# Eibach Pro-Kit



## mirage (Sep 5, 2002)

Hey guys. I just ordered the Eibach Pro-Kit lowering spring set. The Eibach FAQ said that they could be used in conjunction with stock shock assemblies. I'm on a budget and can't really afford aftermarket shocks yet anyway. Should i wait until i get shocks to install the springs? The NPM said they ran into trouble with suspension travel in their 200sx. Would i be riding my bumpstops? thanks


----------



## zeno (Sep 17, 2002)

Convential wisdom goes that you should wait till you can afford upgraded shocks before you install springs. You will be able to go w/ performance springs and stock shocks for awhile but I would not recommend it for an extended period of time.

Info. directly from Kojima's garage:


> If you are using high performance springs, try to wait until you can afford the shocks also. Performance springs store more potential energy when they are compressed. They need a shock with more rebound damping to keep the car from bouncing all over the place after you hit a bump. Really good shocks like Koni or KYB AGX’s’s are adjustable so you can tune your shocks to the springs. Performance springs with stock shocks usually feel floaty on high speed undulations. I find that that feels a little spooky. Performance spring’s quicker rebound characteristics also seems to wear out stock shocks quickly making them get super floaty. I prefer KYB AGX’s because of their easy adjustably (Koni’s require removal from the car to adjust them) and durability. Tokico’s are inexpensive but don’t last as long. They also seem to have too much compression damping and not enough rebound in my opinion so they are harsh but floaty.


----------



## mirage (Sep 5, 2002)

will i actually lose suspension travel? i don't know if i'm reading right but if the springs drop the car 1.4" and the total suspension travel is 1.5" then i would only have 0.1" of travel left... or do the shocks come slightly shorter? also, how do camber plates affect travel? on my old mitsu boards they didn't recommend using camber plates unless you passed the 1.5" drop.


----------



## javierb14 (Jul 9, 2002)

i believe u get an inch more travel with the rear mounts made by motivational engineering

http://www.motivational.net/


----------



## Ninety-Nine SE-L (May 5, 2002)

ok, I have prokits and here's what I did. I put the prokits on around june or july onto my existing stock setup. You can use stock dampers for a short period however keep in mind, it will be a pretty rough ride, the stock shocks will eventually give out since they are out of normal range, and bottoming out is a certainty.

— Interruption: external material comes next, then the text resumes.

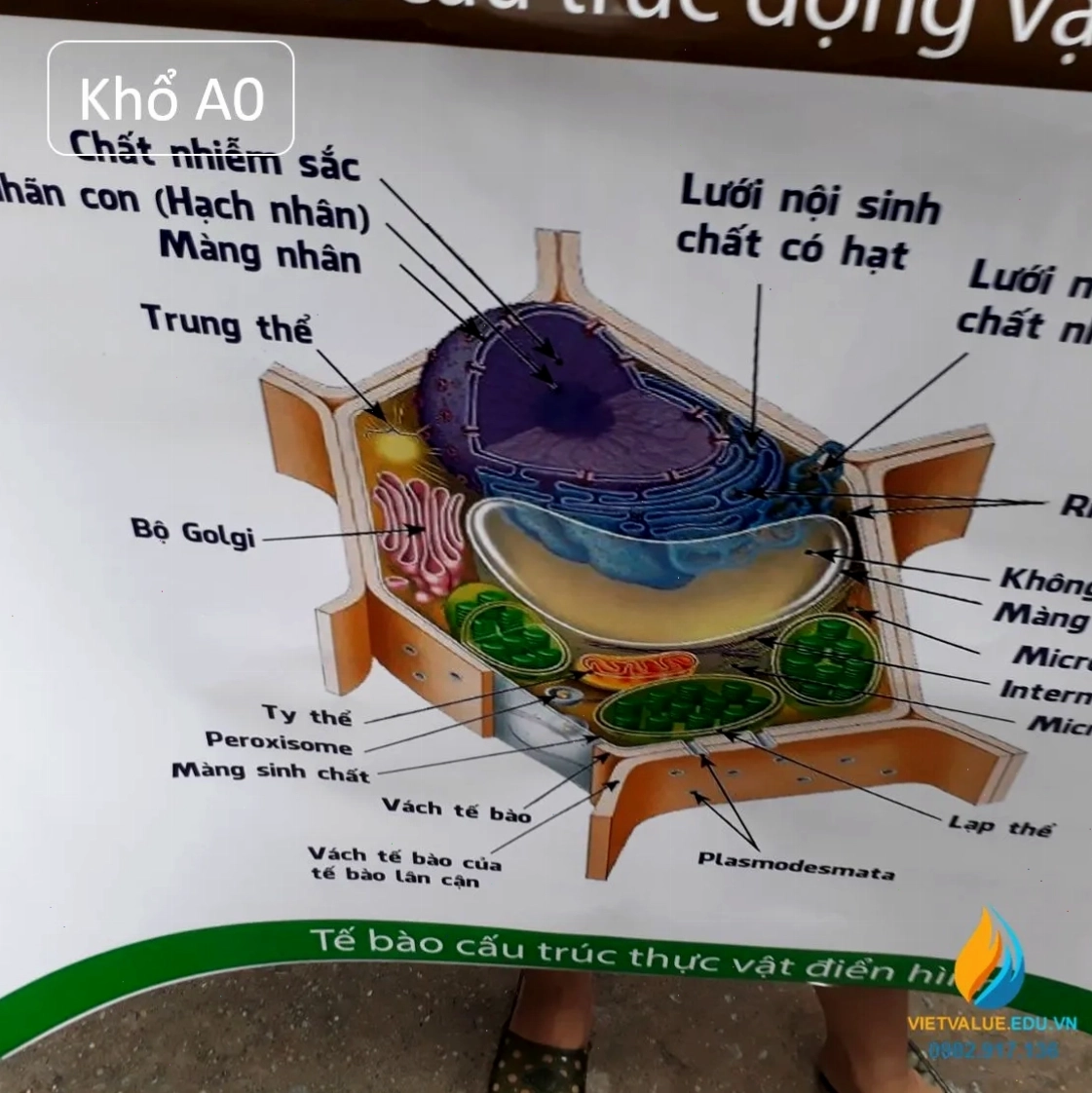 Tranh vẽ minh họa tế bào thực vật với các chú thích chi tiết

Just last week, I saved up enough to purchase and install AGX shocks. The AGX shocks will be fine with the drop, the ride will be smoother and more accurate, not to mention less bottoming out.

Now to improve travel and prevent bottoming, there are 3 things you can do:
1: When you're finally ready to order shocks for your car get b13 front AGX struts (for a 91-94 sentra). They will fit on the car no prob and they have 1/2" more travel than the b14 version. (You will still use the normal B14 rears)
2: Get motivational rear mounts for the rear assembly. The stock shock mounts will work just fine, however motivational mounts will add about 1" of travel to the rear suspension.
3: Get bumpstops. Prokits are known for bottoming out. Bumpstops will save your shocks.


----------



## PatScottAKA99XE (Apr 30, 2002)

If you are using Prokits the B13 will NOT give you more travel. It only works if you are using coilovers. BTW, yes you will be pretty much riding on your bumpstops all the time. Drop springs on a B14 are for looks only. You will never get a real performance enhancement out of them. Hyperco Is working on a set of good drop springs for the B14, but I dont think they are out yet.


----------



## Ninety-Nine SE-L (May 5, 2002)

Well, I wouldn't say the prokits don't add any performance gains, they are still stiffer than stock and they do pretty nicely compared to most other drop springs. I'll admit, they are nowhere near the performance of a $1000 coilover setup but for wha they are, I'm pretty damn happy.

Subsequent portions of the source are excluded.